At that stage, Boyne had a goal in mind. He wanted to have his first published book in the shops by 30 and he didn't think that was an unrealistic goal. In addition, since leaving school, he started to attack life and live it more fully, squeezing the most out of his days.
"As I got older, I thought about my childhood and I became aware that I had thrown away some portions of my youth a little bit," he says. "I became determined to live an exciting life and I'm still determined to live an exciting life. I really fill every moment of every day. I don't laze around watching TV all day. I write and I travel a lot for work. I try to fill all those times when I'm away and when I'm not working. I'm interested in the world. I don't want to be boring. I want to live."
After The Boy in the Striped Pyjamas, Boyne was suddenly asked to go to book festivals, and to give talks and readings. Part of this new life meant that he would have to become confident and stand up on stage and connect with people. He may have been too shy to pursue an acting career, but these events give him an audience. And he revels in being in theatres. Standing backstage, in the wings, he thinks of what might have been had he decided to act, but he is keen to point out that writing is not his second choice.

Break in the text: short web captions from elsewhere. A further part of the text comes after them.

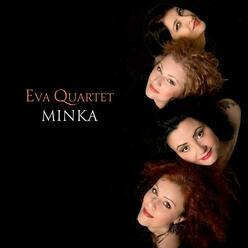 Eva Quartet – bulharské nápevy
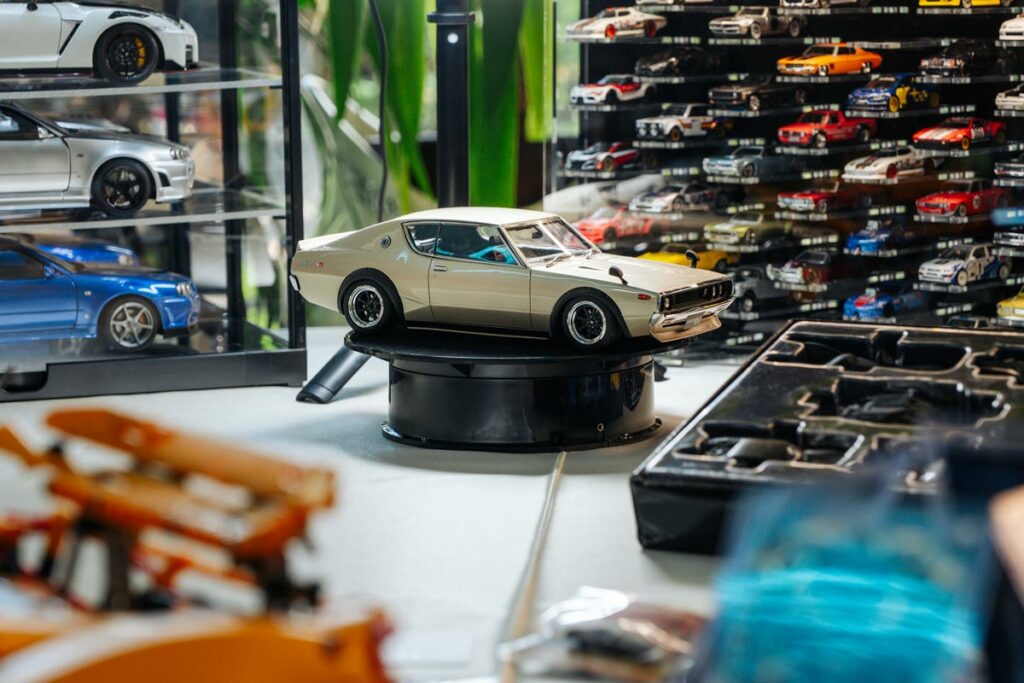 Collectify AutoExpert eveniment machete auto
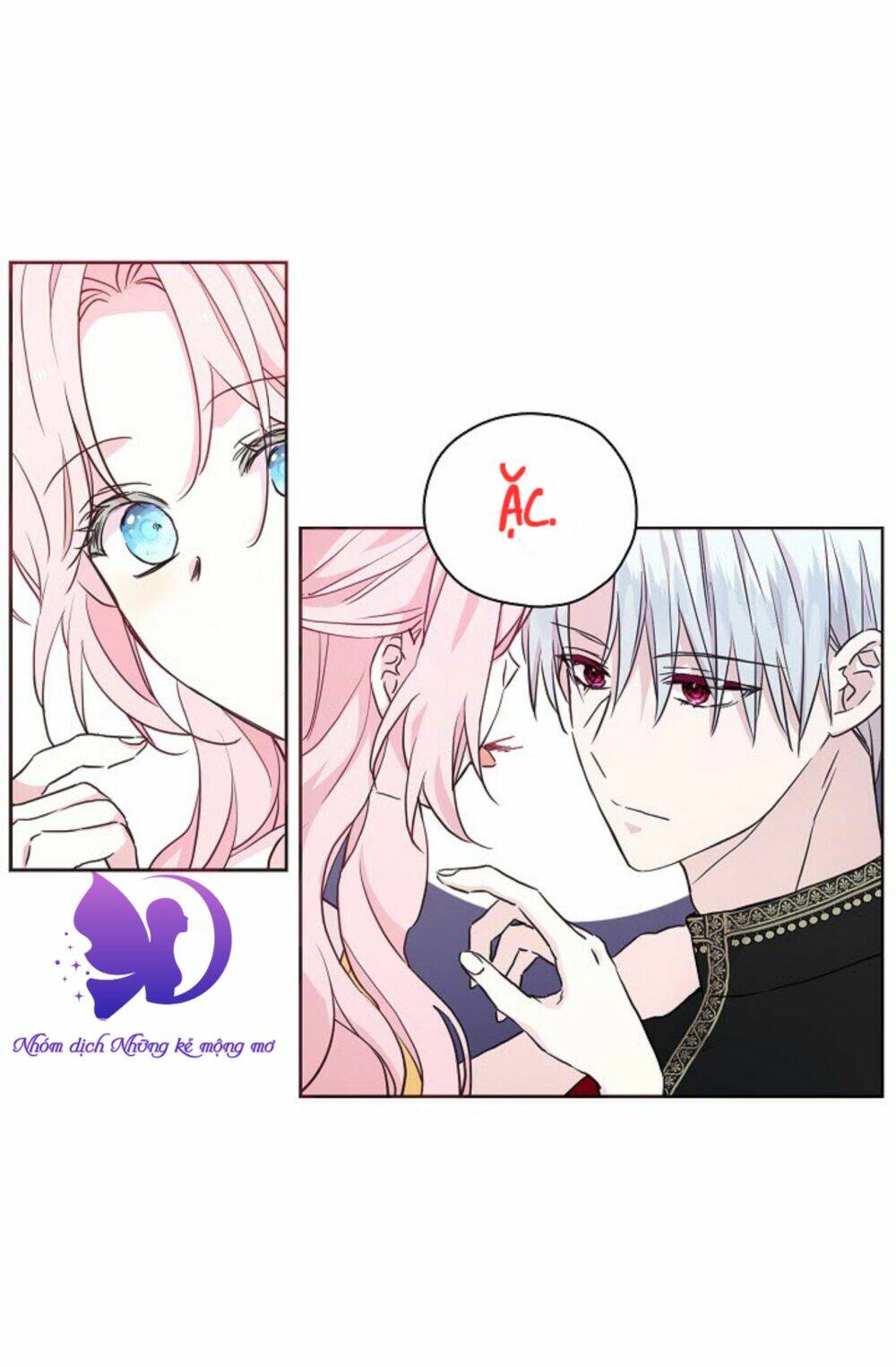 Quyến rũ papa của nhân vật phản diện - Chap 12 - Trang 30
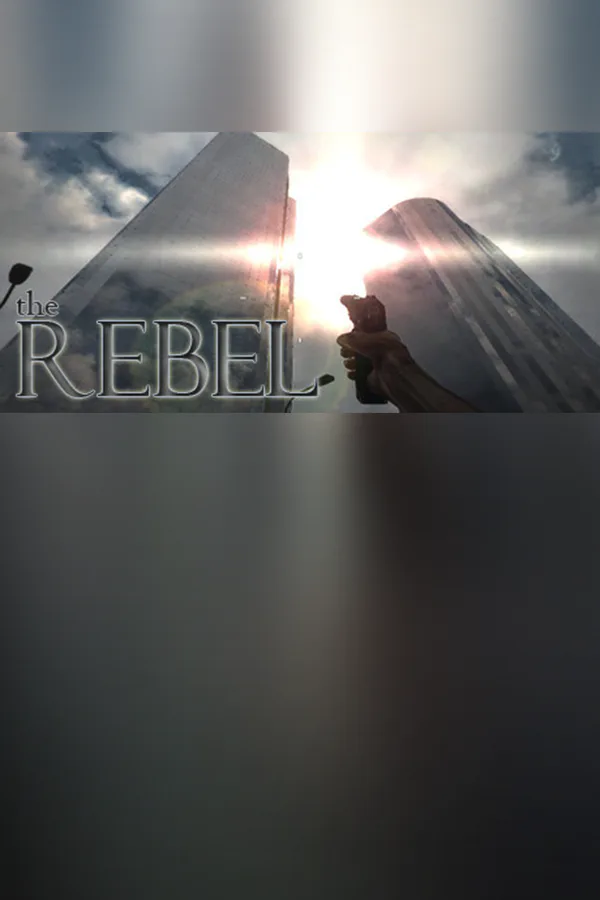Copertina di The Rebel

"I love writing," he stresses. "One half of your life is solitary but then the other half is quite public. Maybe I could have become an actor, but as a kid I didn't join the drama society, and because of that I try to make the most of every opportunity that comes along. That's why I write so much and work so hard. I'm conscious of time and life, and I do as much as I possibly can. I'll never be the kind of writer who takes 10 years to write a novel."
When Boyne finished his course, he came back to Dublin with a plan. He would work in a bookshop -- Waterstone's -- and spend all his spare time writing. He had imagined it would be an easy job. He tells me it was demanding but highly enjoyable. While working in the shop, he would meet authors who were doing readings. People such as Tobias Wolff, Carol Shields and Richard Ford would wish him well with his work. Being in that community of books and writers helped him enormously. After his second book, and seven years in the store, he decided to take a year off to dedicate himself to writing full-time. He moved down to Wexford and lived on his savings. "It was a risk, but a risk I felt I needed to take," he says.
Out of that time came The Boy in the Striped Pyjamas. Since then, he has continued to soar.
These days, Boyne lives in Rathfarnham with his partner. He prefers not to mention his name, but he tells me that he has nothing to do with the writing world. They enjoy their life together, they play squash and, after Christmas, they will go on a long break to Sydney.
"The Boy in the Striped Pyjamas gave me a huge confidence boost," he says with a smile. "I completely changed as a person."
And that has made all the difference. Timid no more, these days he is happy to take on the world in his writing and in his life. Bravo.